Exercise directions
Your copy of the data should match it exactly, except that the pictures are gone.

Provided material
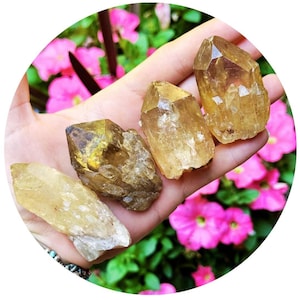 Large Natural Congo Citrine, Raw Untreated Crystal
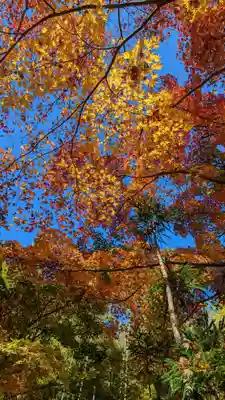 長法寺(京都府)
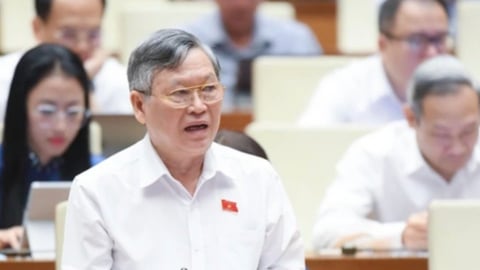 'Hàng giả ngày càng tinh vi, có sự móc ngoặc của cán bộ công quyền'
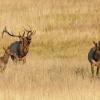 Bull Elk Rounding Up Cow and Calf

Expected output
 Large Natural Congo Citrine, Raw Untreated Crystal
 長法寺(京都府)
 'Hàng giả ngày càng tinh vi, có sự móc ngoặc của cán bộ công quyền'
 Bull Elk Rounding Up Cow and Calf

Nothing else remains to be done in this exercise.